I found it ironic that the first line of text seen in the short propagandistic cartoon is how fascism leads to the mass destruction, starvation, and death of millions of people. I far more closely link starvation to the Soviet Union and the Russia before it than I do to Nazi Germany. The actual creature that is symbolizing the fascists is a pig/wolf hybrid. I thought of this as an interesting choice as it is supposed to be menacing but the connotations associated with pigs are far more related to greed and how disgusting they are. I also find the fact that the Soviets are represented as horsemen and tanks as an interesting choice. The first thing I think of is the Bronze Horseman of St. Petersburg/Leningrad. This is most likely the reason why, however horsemen don’t seem to be an intimidating/futuristic force and I don’t feel match the Soviet Union’s theme of industry and development like the tanks. The fact that the tanks are breaking down trees can be seen as a symbol that Russia is urbanizing and making economic capital from its natural resources. The ending of the short cartoon sees some soviet airplanes flying into the sky into what seems to be like heaven. This is a interesting choice as religion was ridiculed in the Soviet Union. If I’m not mistaken I think this same song was featured in the Russian film “Wings” from 1966 which would definitely be an interesting development to the meaning/ending of that film!

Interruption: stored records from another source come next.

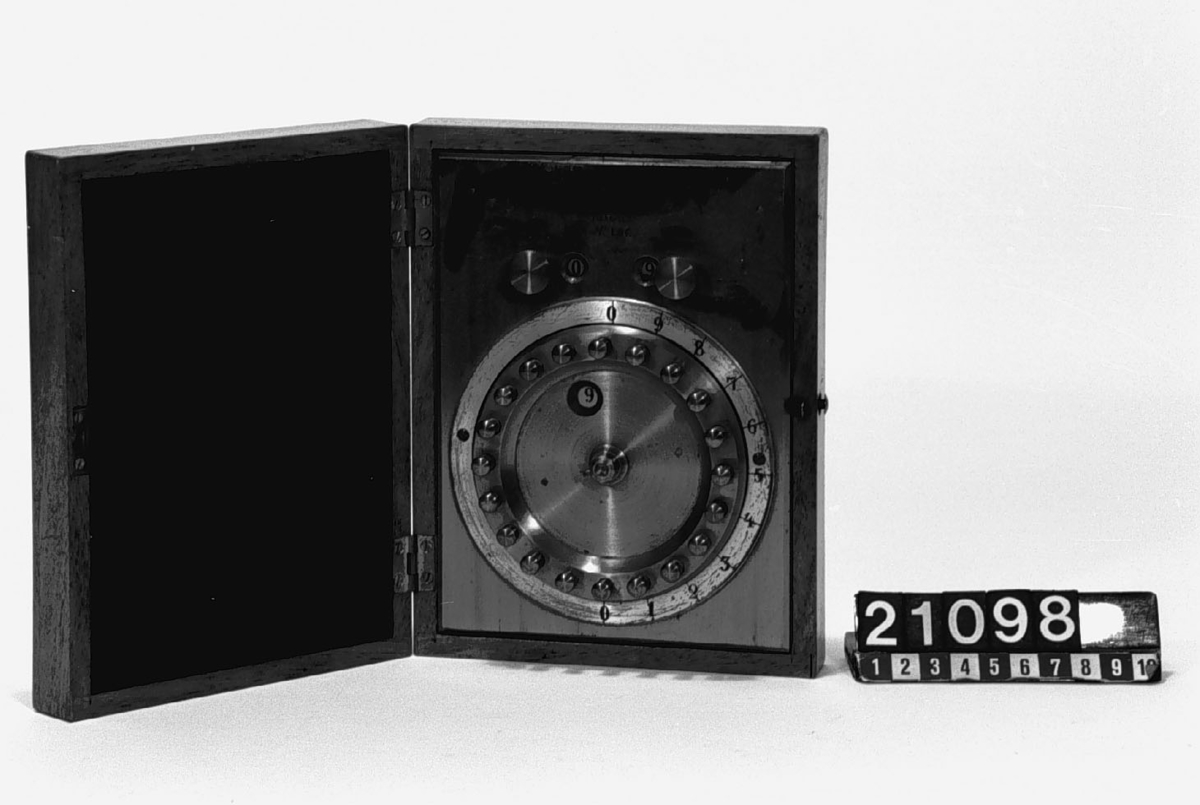 Räknemaskin för addition och multiplikation. "C.H.J. Palmcrantz Patent Nr 106". Monterad i ram av mässing med botten, tre skruvar saknas, i låda av mahogny. Etuiet: 185 x 140 x 50.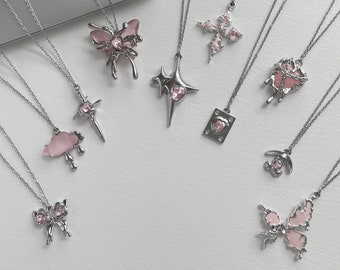 May include: Nine silver necklaces with pink crystal pendants. The pendants include a butterfly, a cross, a star, a heart, a cloud, and a dripping heart.
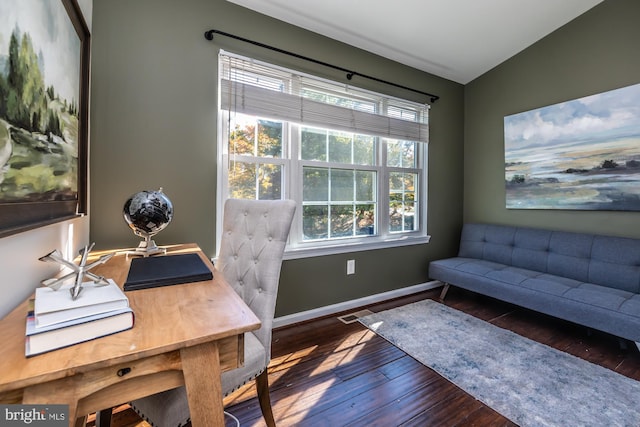 office area featuring dark wood-type flooring and vaulted ceiling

3 thoughts on “Fascist Boots

  1. Professor Alyssa Gillespie

    Colby, it’s so great that you remember “Wings” so clearly that you recall the patriotic song in that film! But no, I’m sorry to say, it is a different song. The song in “Fascist Boots” is specifically a hymn addressed to Stalin; the song in “Wings” (for other students’ info, this is a beautiful 1966 film by Larisa Shepitko about a woman who was a fighter pilot in the Soviet airforce in WWII) is a different patriotic song that does not mention Stalin: called “Steel Air Squadron,” it was written in 1929 and based on a poem written in 1927 called “Airforce March”; during WWII two new verses were added with specifically anti-fascist content. So, your instinct is correct that these two songs are both patriotic, composed in a similar style, and important to rouse patriotic sentiment during WWII — but they are in fact different songs. (To hear more patriotic Soviet songs, check out the Elective assignments from Session 31.)

  2. Zach Flood

    The Bronze Horseman is an astute observation. I believe the detail is consistent with a broader conclusion that can be drawn about the Soviet Union during WWII: in an effort to rally the masses and international allies, the Soviet Union deemphasized its state doctrine of Marxism-Leninism and appealed to raw patriotism. For example, the Soviet WWII propaganda posters substitute the anti-capitalist messaging, cartoon abstractions, and strictly contemporary imagery with historical Russian heroes and calls for the defense of “Mother Russia” (rather than the more neutral and inclusive “Union of Soviet Socialist Republics”). This conservative aesthetic shift within the authoritarian Soviet state arguably highlights the resemblance between the Soviet Union under Stalin and its fascist enemies.

  3. Professor Alyssa Gillespie

    Colby and Zach, these are both great comments! I am sorry that we did not get around to discussing this little but potent film in class. In a sense, it is an animated version of the propaganda posters from this time. Zach, your comment about the aesthetic and ideological shifts in WWII-era propaganda follows nicely on my own discussion in class about how the messaging to and around the role of women in Stalinist-era propaganda posters also radically shifted as a result of the losses of the war and the need to care for the many war orphans and begin to regrow the drastically reduced Russian population (this remains a concern to the present day, as the population of the country has mostly been in decline since WWII). One additional shift around this time that you might find interesting is the increasing “Sovietization” of Russian literary classics such as Pushkin in the late 1930s and the 1940s. Initially these 19c classic Russian writers were viewed with skepticism (we recall, as I mentioned in class, Mayakovsky’s call to “throw them overboard the ship of modernity”). But the cultural conservatism and “calcification” (to borrow Zamyatin’s term) that occurred under Stalin starting in the late 1930s led to these writers being reinterpreted, reinvented, and recanonized for the Soviet reader and Soviet literary establishment.